Facebook: Bracing for a breakup fight
Mark Zuckerberg vowed he’d take Sen. Elizabeth Warren (D-Mass.) to court if she tried to break up Facebook, said Casey Newton in TheVerge.com. In audio recorded from an employee Q&A in July and leaked this week, Zuckerberg sounded alarmed by Sen. Warren, who has threatened to split up big tech companies like Facebook, Google, and Amazon if she becomes president. “I would bet that we will have a legal challenge, and I would bet that we will win that legal challenge,” Zuckerberg said, adding that the effort would “still suck for us.” In a tweet, Warren said, “What would really ‘suck’ is if we don’t fix a corrupt system.”
Tesla: Catching up to 2019 goals
Tesla is expected to top 100,000 car deliveries in a quarter for the first time, said Dana Hull in Bloomberg.com. In an email to employees last week, CEO Elon Musk said the company “has a shot” at beating last quarter’s 95,000 deliveries. After a dismal first quarter plagued by logistical screwups, “a six-digit-delivery quarter” would put Tesla in position to reach the 360,000-to-400,000 range the company forecasted for 2019. However, “for perspective, General Motors sold about 110,000 Chevrolet Silverado pickups in the second quarter just in the U.S.”

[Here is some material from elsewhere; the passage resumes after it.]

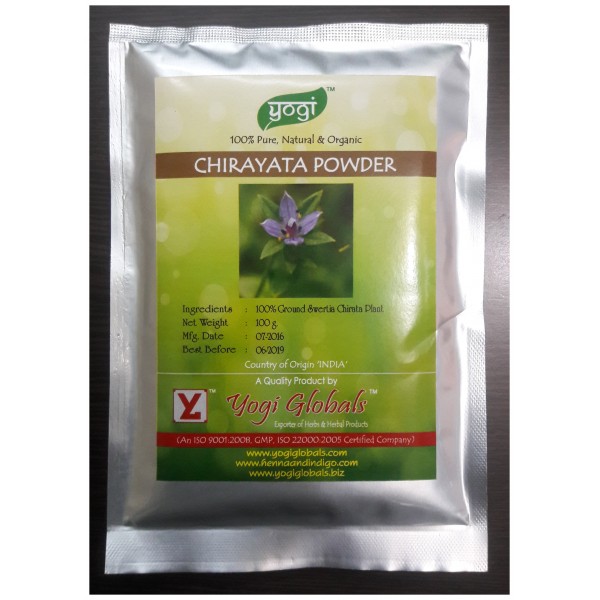 YOGI CHIRAYTA POWDER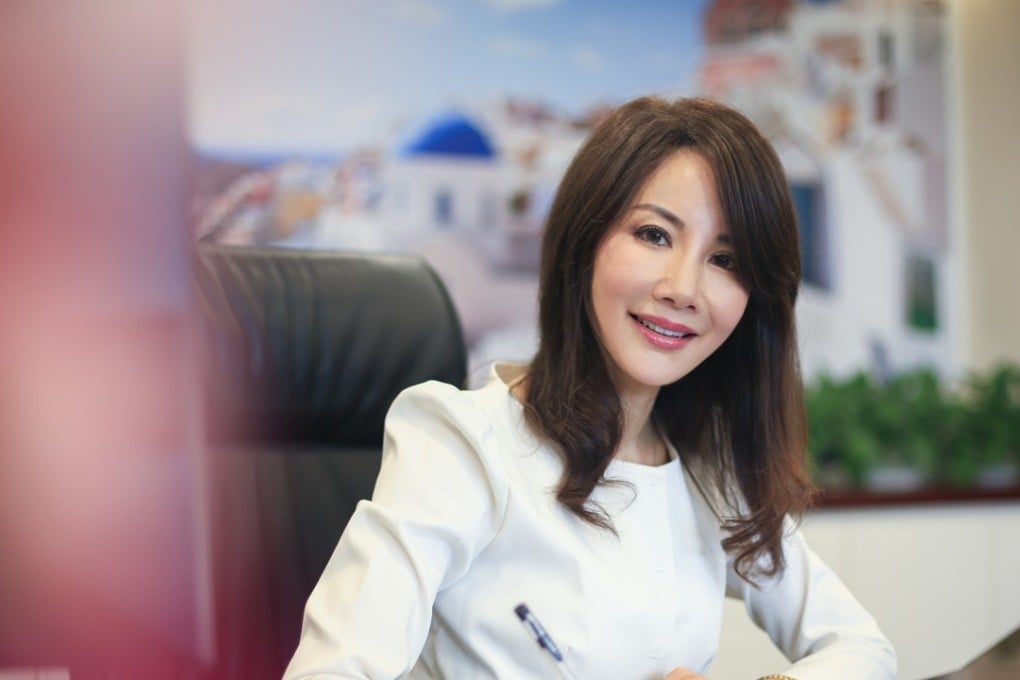 Jane Sun Jie, chief executive of Ctrip. Photo: Handout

General Motors: Far from a strike pact
The United Auto Workers’ strike against General Motors hit its third week, said Jamie LaReau in the Detroit Free Press, and “the two sides remain far from a tentative agreement.” In a letter to members this week, union leaders said they rejected a proposal from GM because it “came up short” on “health care, wages, temporary employees, skilled trades, and job security.” The 46,000 striking workers are getting by on $250 per week as the holdout continues. GM, for its part, is losing $82 million a day from the strike, according to an estimate by J.P. Morgan.
Sports: Nike CEO briefed by doping doctor
Nike CEO Mark Parker was briefed on numerous occasions on doping experiments by a celebrated track coach, said Sara Germano and Joshua Robinson in The Wall Street Journal. The U.S. Anti-Doping Agency revealed this week that Parker was included on emails with coach Alberto Salazar and a Nike-sponsored endocrinologist, Jeffrey Brown, “that detailed the pair’s ongoing research to find performance-enhancing benefits for a stable of Olympic runners in the highly decorated Nike Oregon Project, an elite training group based at the company’s headquarters.” Salazar and Brown received four-year bans from the sport.